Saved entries
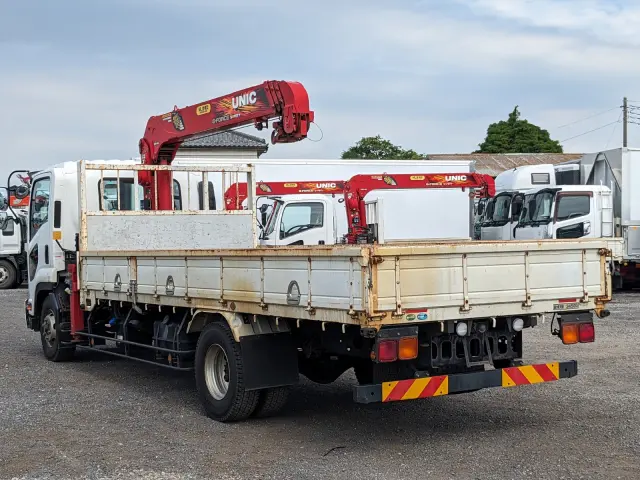 いすゞ フォワード 2PG-FRR90S1(2WD)の写真4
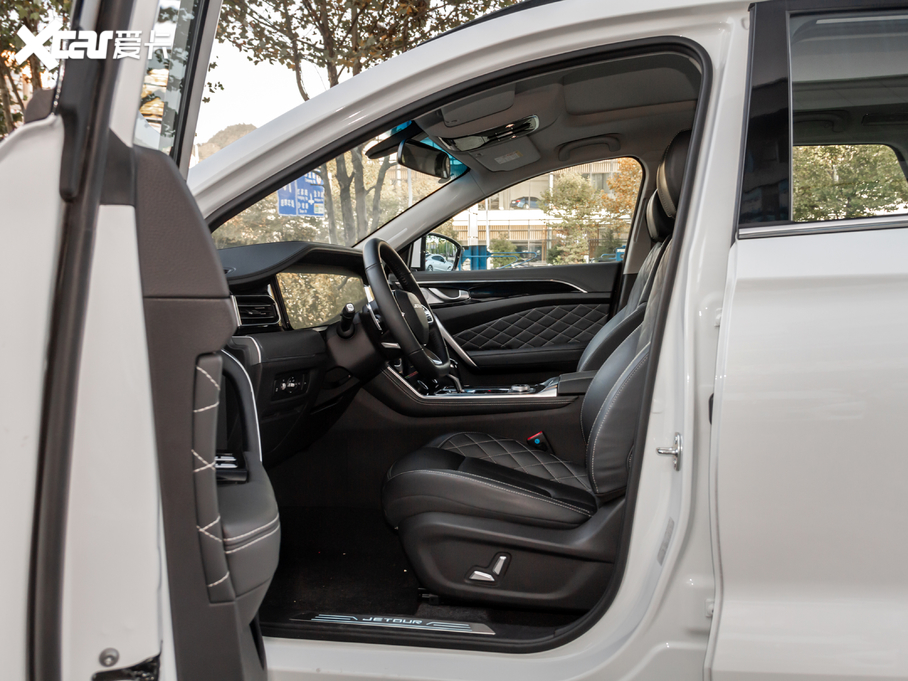 2020���;X95 1.6T DCT̽��Pro 6��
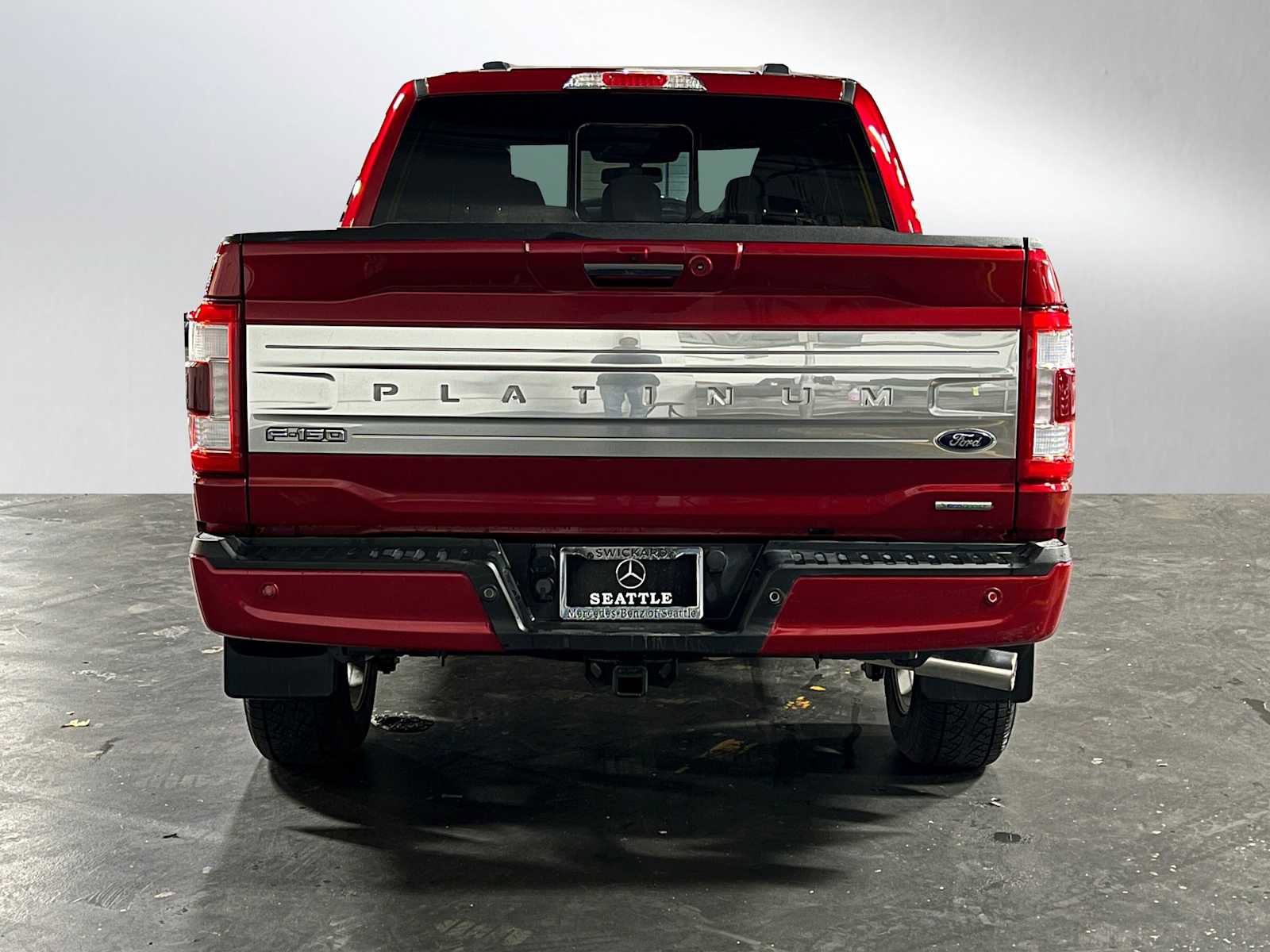 Used 2022 Ford F150 Platinum w/ Trailer Tow Package image 6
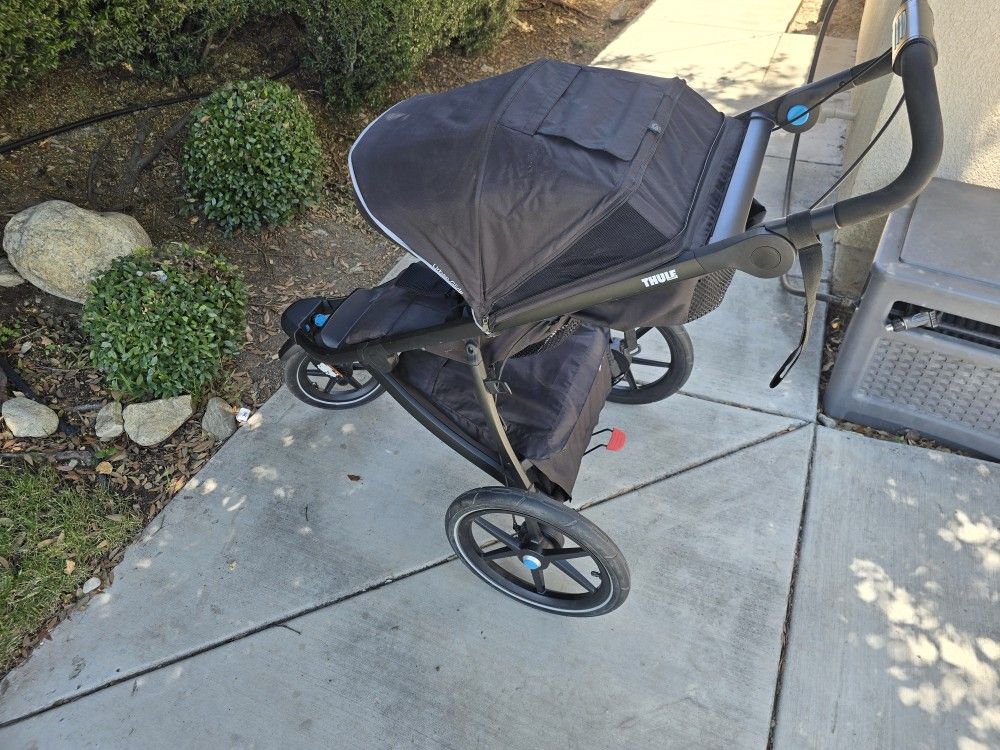 Thule Urban Glide 2 Jogging Stroller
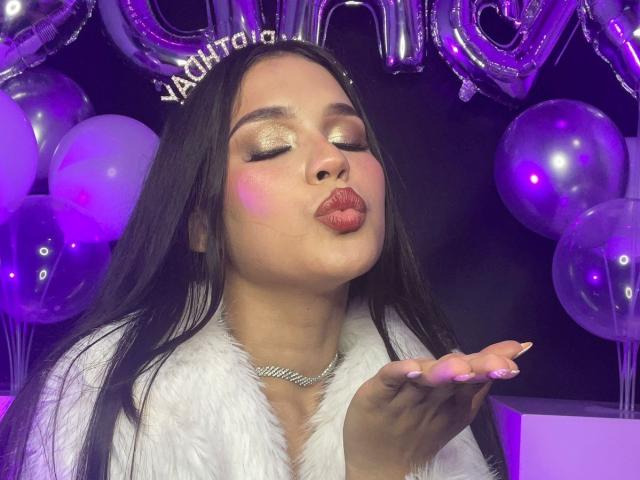 CarolineWill - Sexe cam en vivo - 25501345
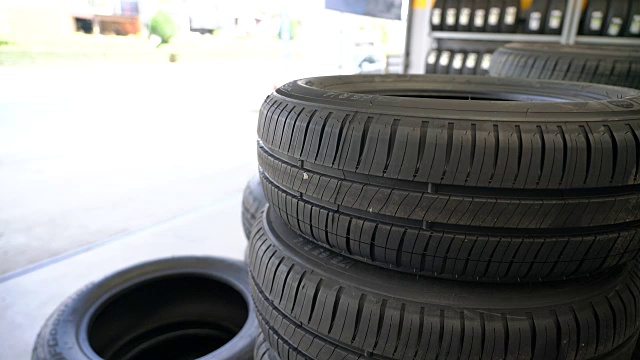 汽车轮胎堆放在车库里。视频素材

Task directions
An exact copy of the data is required, with the pictures excluded.

Exercise result
 いすゞ フォワード 2PG-FRR90S1(2WD)の写真4
 2020���;X95 1.6T DCT̽��Pro 6��
 Used 2022 Ford F150 Platinum w/ Trailer Tow Package image 6
 Thule Urban Glide 2 Jogging Stroller
 CarolineWill - Sexe cam en vivo - 25501345
 汽车轮胎堆放在车库里。视频素材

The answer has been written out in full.